Sunday, October 23, 2011

And now the wall goes up.

What do you do when your world has been turned upside down and the one you would usually go to, the one who would fix it and let you know everything is going to be ok, is the one who in fact, turned your world upside down?

And the sickest thing about the situation is that I love/loved (is there a difference?) him so much that I'm glad I am the one suffering with this heart break. I would never wish this kind of pain upon him. Ironically enough my silver lining is that it is me having to deal with this, not him.

Monday, October 17, 2011

Chocolate is the best medicine

Relationships can make you the happiest individual in the world, or the most miserable. It all depends on the status you have with that person. And when the status seems to go sour, that can make one absolutely hate life. It's hardest when things use to be so perfect. How does it happen that feelings change? That relationships grow apart? What causes that all to happen? Or what causes one person in the relationship's status to change from the others'? Why can't both be consistent and in sync?
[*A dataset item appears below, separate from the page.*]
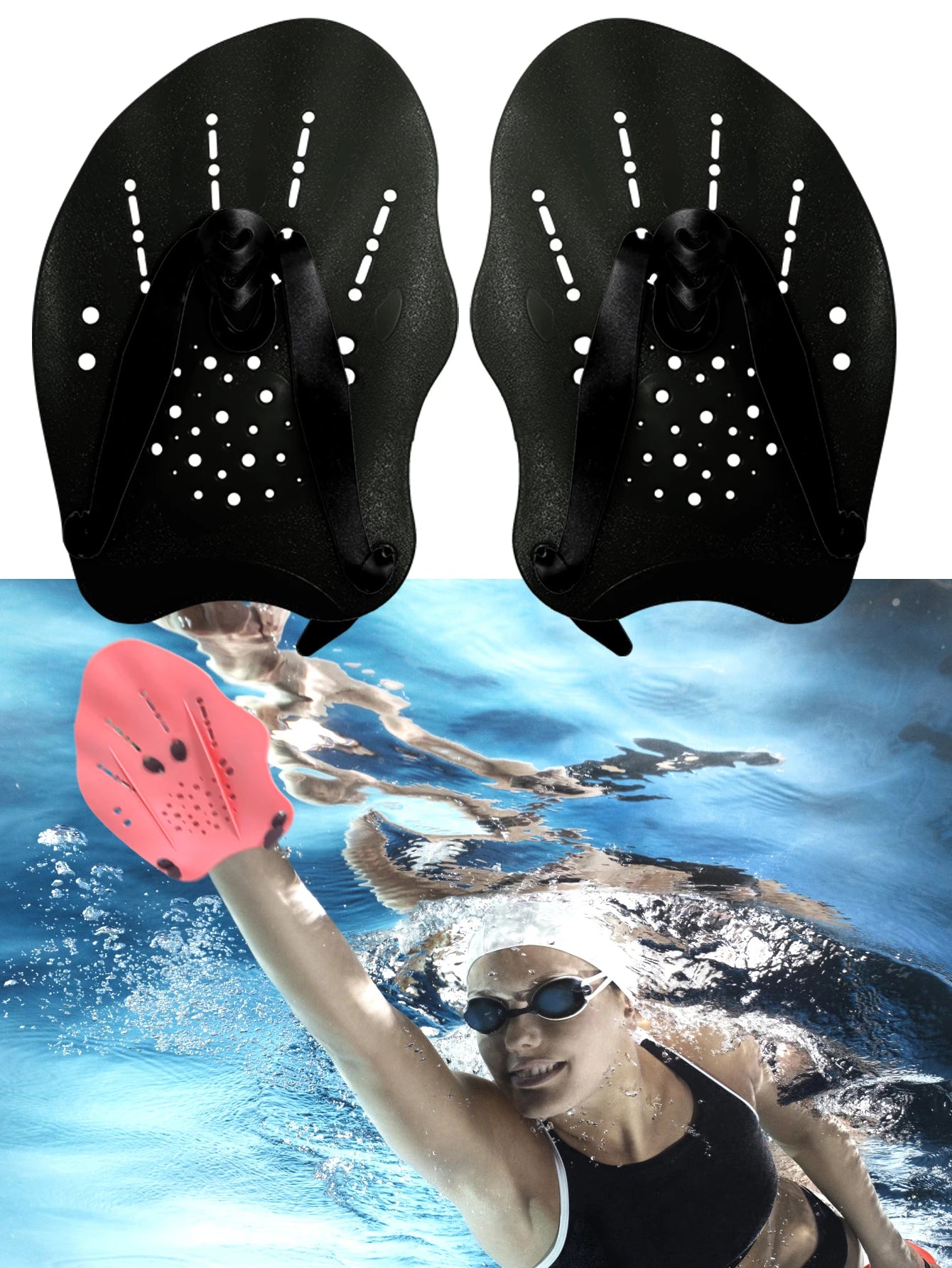 1 pair of swimming training paddles, swimming training paddles with adjustable silicone straps, snorkeling and diving gloves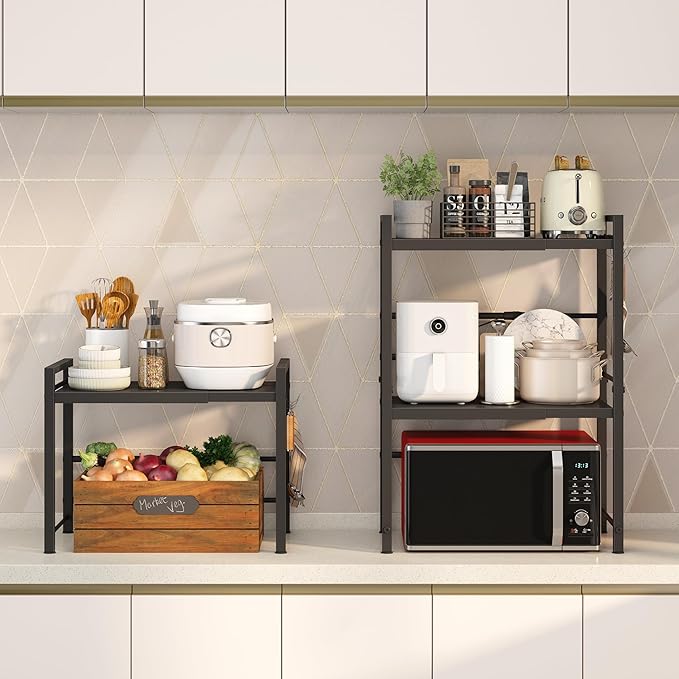 DOLALIKE Microwave Oven Rack, Expandable Microwave Stand Countertop Kitchen Utensils Tableware Storage, Carbon Steel Over Microwave Shelf Countertop with 3 Hooks | Adjustable Microwave Oven Rack Metal Storage Shelf with 3 Hooks for Pans Small Appliance...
How can one say that they care about the other but have their actions show no such thing? Why is it so difficult to be straight forward and honest? How can one seem so great to the other and then all of sudden seem drab and dull? Is it because they have met someone else? What if they haven't? Then what is the answer? How can one continue to be so selfish when they see the other is bending backwards to try and maintain the relationship during difficult times? It's a team effort, right? And yet, how can one be too busy to try and explain what they mean when they say "It just doesn't seem to be working"?  So what does that mean? How can it be so difficult to simply say whether it is or is not worth fixing? Like they need a checklist of what the relationship entails and then be able to determine if they want to commit or not. WHO CARES ABOUT THE FUCKING CHECKLIST. The other individual either is or is not worth keeping in one's life and once decided which, (hopefully rather promptly, and if not, that is an answer in its self, don't you think?) the individual needs to act on that decision. Sometimes there is no "riding the fence" option.